Therefore, by knowing the 3D shapes of the orbitals and therefore the number of angular nodes, we can find out the number of radial nodes the orbital has, which corresponds to the graphs below.
Molecular Orbitals – part 1
Molecular orbitals resulting from combining atomic orbitals can be constructed in phase (ψ+) and out-of-phase (ψ-). In phase addition occurs when the wavefunctions of the two atomic orbitals combined are of the same sign. For example, in the simplest case of 1s AO which is positive, adding two such AO will lead in a constructive interference. A bonding MO is thus formed. Similarly subtracting the AOs leads to a destructive interference forming an antibonding MO.

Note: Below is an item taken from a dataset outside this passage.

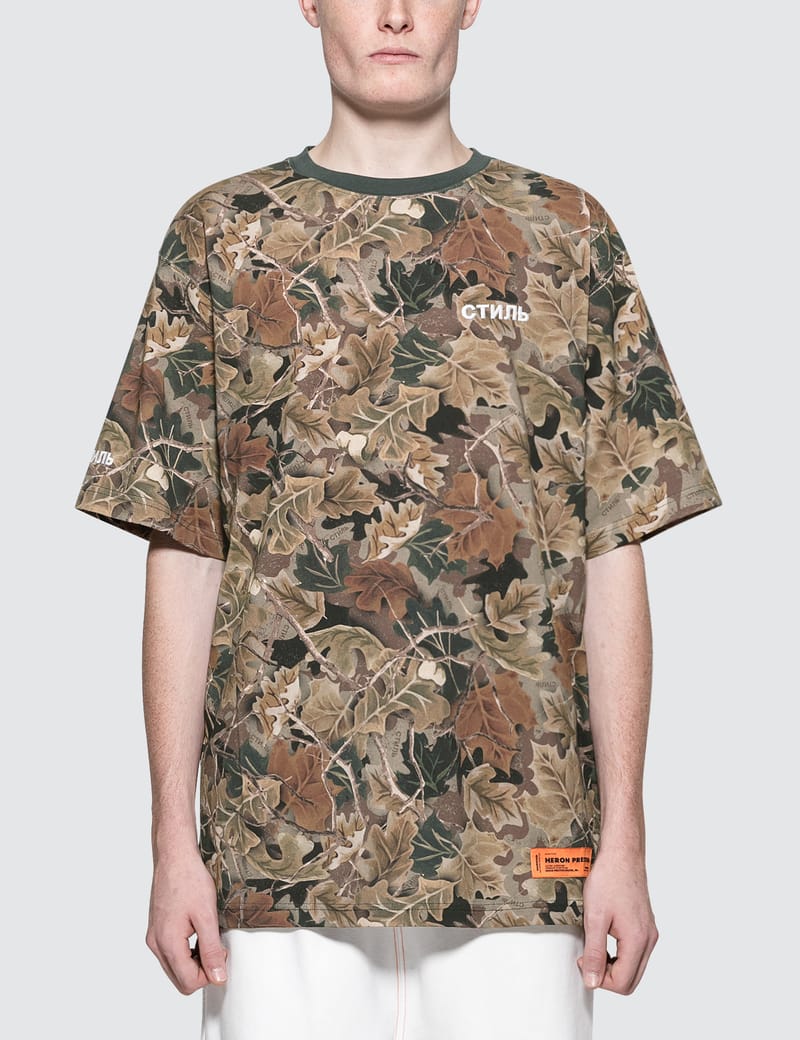 Tシャツ・カットソー Heron Preston \"Camo Flaming\" t-shirt (HMAB021S22JER0015901) Heron Preston Flaming Sleeve Camouflage T-Shirt on SALE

In the region between the two nuclei in in phase addition the value of the MO wavefunctions is greater than that of the AO wavefunctions. Thus it is more like likely to find an electron in the inter-nuclear region.
The in-phase MO is lower in energy than the isolated AOs because:
1. When the MO is occupied, there is increased electron density between the nuclei. The attraction from both nuclei leads to a lowering of the potential energy of the system.
2. An electron in in-phase MO is less constrained compared when in an AO (i.e. it is more delocalized) leading to a decrease in its kinetic energy.
The in-phase combination MO is lower in energy than the original AO and occupancy of this orbital gives rise to bonding, thus this orbital is called the bonding molecular orbital.
For the out of phase addition, the anti-bonding combination has a node – where the electron density is zero. This is shown by the crossing point on the x axis (horizontal line).
The out-of-phase MO is higher in energy than the isolated AOs because:
1. When the MO is occupied, there is much more electron density outside the inter-nuclear region than in between the nuclei pulling them apart from each other. The potential energy in this MO is therefore higher than in the separate species.
2. The out-of-phase MO contains a node. This means that the kinetic energy of the electron in this orbital is greater than when it is in either the AO or in-phase MO.
The out-of-phase combination MO leads to an increase of the energy with respect of the original AO, thus this orbital is known as the anti-bonding molecular orbital.
This can be summarized graphically using an energy level diagram:
Molecular Orbitals – Part 3
As described in Part 2, the filling up of molecular orbitals follow the same principles and rules as filling up atomic orbitals. Now, we can use energy level diagrams to rationalise differences in the stability of molecules. Let us look at the molecules H2+, H2, He2+ and He2
The molecular orbitals would look like:
The table below shows the electronic configurations, dissociation energies and bond lengths of the respective molecules.
MO theory helps us explain the difference in the dissociation energies of the molecules. H2+, H2 and He2+ are stable with respect to their dissociation into their constituents because they have more electrons in the bonding MO than the anti-bonding MO. He2 however has two electrons in the bonding MO and two in the anti-bonding MO. The anti-bonding MO is raised more in energy than the bonding MO is lowered, so we can expect the two anti-bonding electrons to outweigh the two bonding ones. As a result, He2 is unstable and will dissociate into He atoms.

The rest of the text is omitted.